Available records:
******************************

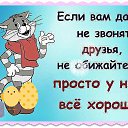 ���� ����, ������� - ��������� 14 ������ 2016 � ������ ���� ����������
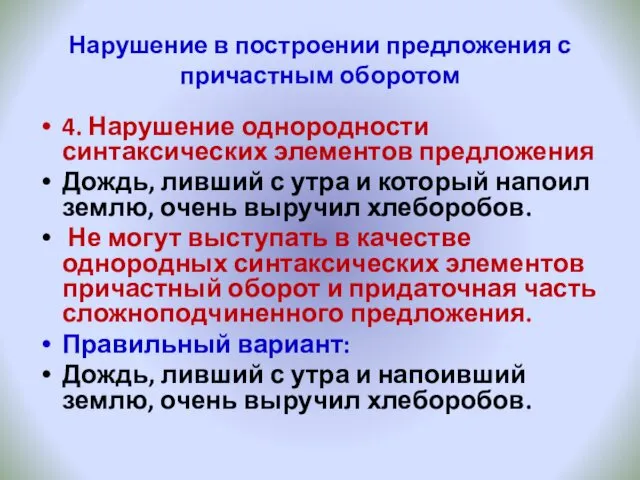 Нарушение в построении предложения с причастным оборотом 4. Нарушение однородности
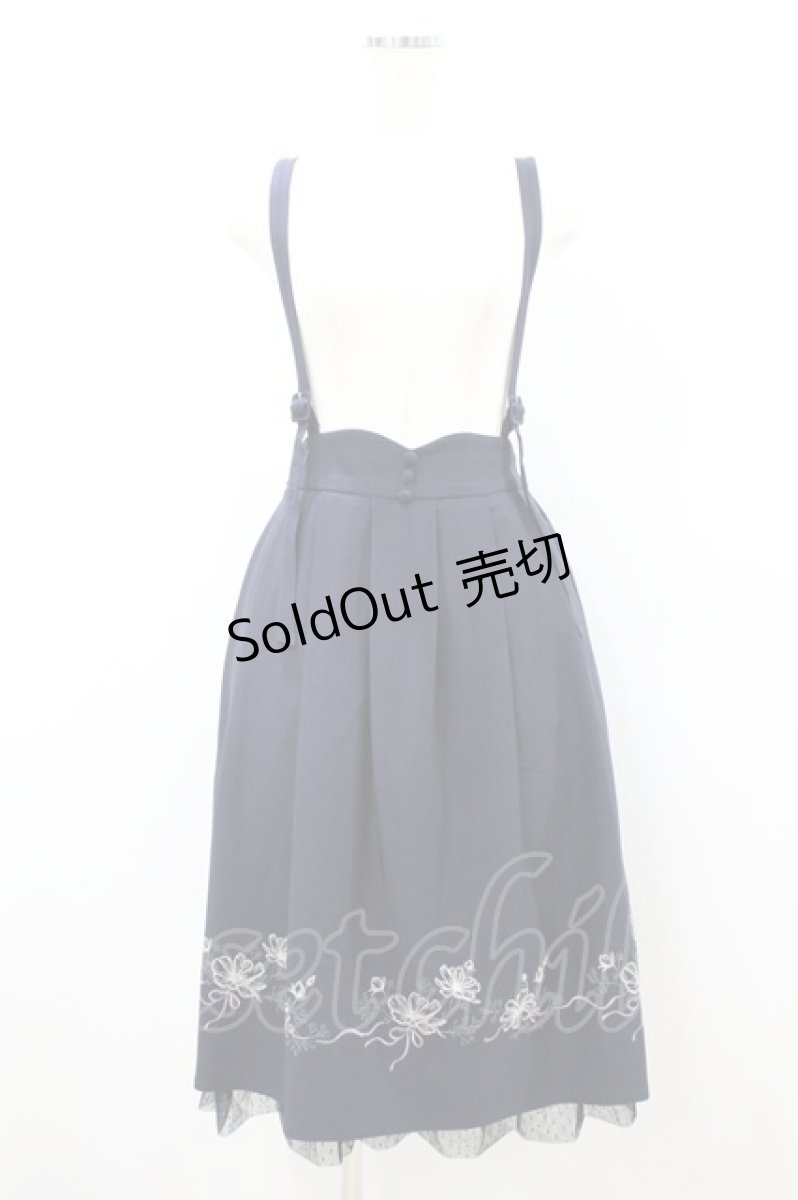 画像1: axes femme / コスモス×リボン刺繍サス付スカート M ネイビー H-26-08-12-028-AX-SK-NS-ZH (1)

******************************

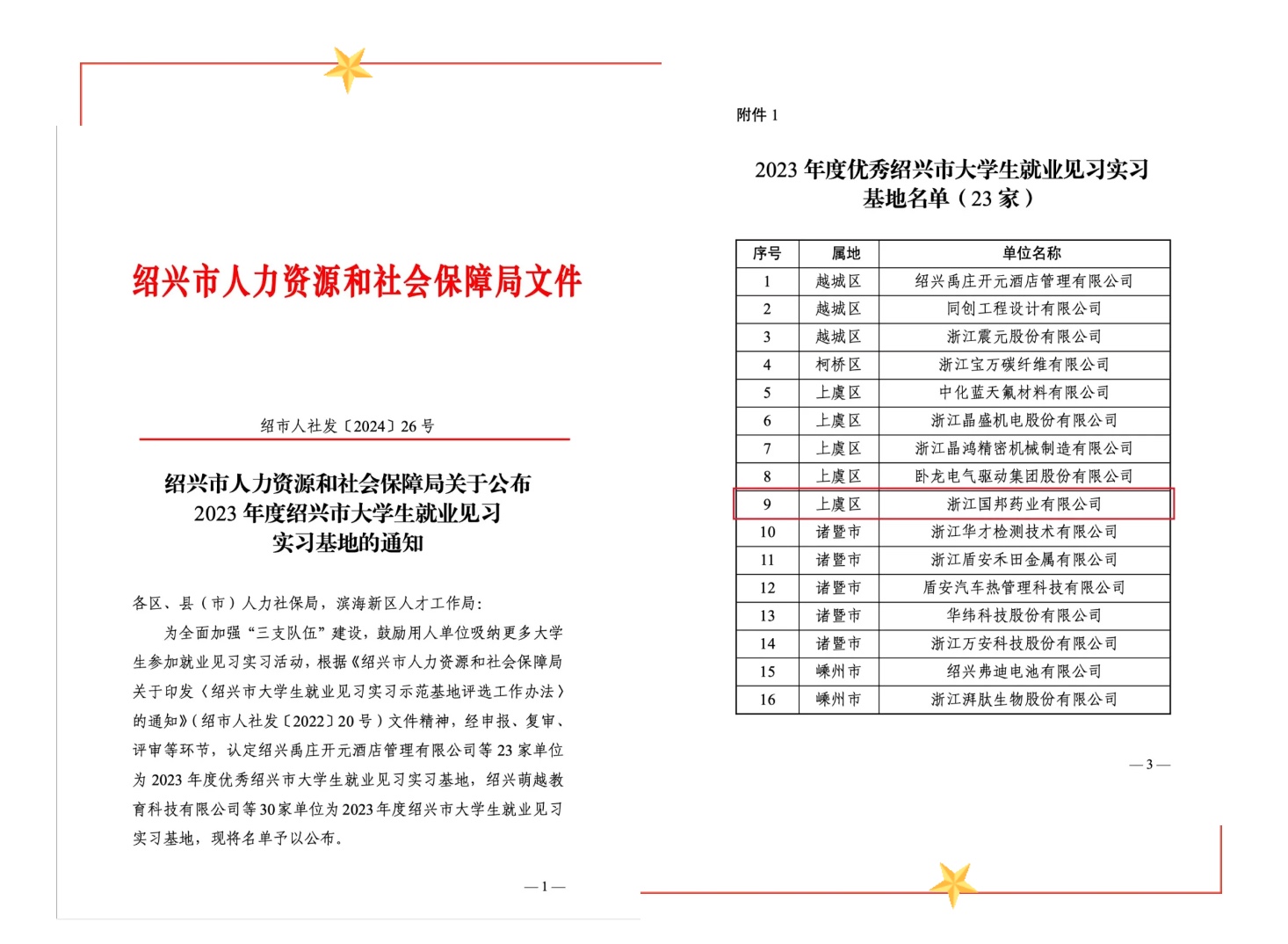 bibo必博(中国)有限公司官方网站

******************************

Instructions for the task: Return exactly the lines that appear in the data above between the line containing "Нарушение в построении" and the line containing "画像1: axes femme", both of which are included, and leave the pictures out.

Result below:
 Нарушение в построении предложения с причастным оборотом 4. Нарушение однородности
 画像1: axes femme / コスモス×リボン刺繍サス付スカート M ネイビー H-26-08-12-028-AX-SK-NS-ZH (1)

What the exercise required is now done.